This Jerome octagon clock with rosewood veneer was probably made c. 1852. 8-day octagon clocks are advertised in the 1852 and 1853 Jerome trade catalogs and in an 1850 circular printed for the English market.
Note the factory location, which is given on the label as “New Haven, Conn./AMERICA.” It has been speculated that labels with “AMERICA” or “USA” were intended for the export market.
8-day, double fusee movement, with maker’s stamp “CHAUNCEY JEROME/NEW HAVEN CONN/USA.” The movement is accessible by removing the dial or the backboard. Some versions of this clock had a hinged backboard, allowing easy access. However, the backboard on this clock is screwed to the case. Servicing the movement requires removing the backboard, as the movement seatboard slides out through the rear.
Pencil inscription with the name T. (or J.) Stevens and the year 1852. Although there is no way of being certain, it is likely that Stevens was the original owner of the clock.

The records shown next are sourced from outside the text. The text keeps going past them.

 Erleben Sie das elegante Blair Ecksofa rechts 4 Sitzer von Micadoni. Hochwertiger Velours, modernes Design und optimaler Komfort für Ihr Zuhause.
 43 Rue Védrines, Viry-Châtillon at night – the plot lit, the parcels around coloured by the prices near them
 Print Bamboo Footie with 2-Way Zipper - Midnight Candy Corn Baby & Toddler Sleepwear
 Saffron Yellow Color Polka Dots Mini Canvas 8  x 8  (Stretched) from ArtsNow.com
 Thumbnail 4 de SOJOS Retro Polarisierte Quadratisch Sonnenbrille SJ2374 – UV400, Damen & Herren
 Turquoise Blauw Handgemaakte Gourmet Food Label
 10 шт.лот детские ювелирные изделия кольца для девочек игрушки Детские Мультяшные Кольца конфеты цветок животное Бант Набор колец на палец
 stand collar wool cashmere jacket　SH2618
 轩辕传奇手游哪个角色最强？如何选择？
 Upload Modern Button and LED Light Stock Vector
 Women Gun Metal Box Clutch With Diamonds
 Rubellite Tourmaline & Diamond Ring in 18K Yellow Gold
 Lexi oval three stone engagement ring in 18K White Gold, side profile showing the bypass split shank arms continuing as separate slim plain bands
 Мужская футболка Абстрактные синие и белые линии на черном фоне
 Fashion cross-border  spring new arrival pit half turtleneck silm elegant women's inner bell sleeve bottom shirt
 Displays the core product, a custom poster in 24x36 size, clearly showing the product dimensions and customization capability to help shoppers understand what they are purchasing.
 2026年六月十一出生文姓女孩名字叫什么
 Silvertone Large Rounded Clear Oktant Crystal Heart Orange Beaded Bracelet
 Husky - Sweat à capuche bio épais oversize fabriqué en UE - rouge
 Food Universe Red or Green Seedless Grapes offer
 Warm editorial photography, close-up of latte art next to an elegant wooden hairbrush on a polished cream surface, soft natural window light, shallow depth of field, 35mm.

Cover from the 1853 Jerome trade catalog (Kenneth D. Roberts, 1971), prominently featuring the octagon clock (though one with a circular viewing port for the pendulum). Also noteworthy is that, by the early 1850s, Jerome had wholesale warehouses in New York City, Boston, and Liverpool.
1850 circular printed for the English market (Kenneth D. Roberts, 1971). Two variations of the short-drop octagon clock are shown: in the middle-right the version I have, and in the middle-left a “chisel bottom” version.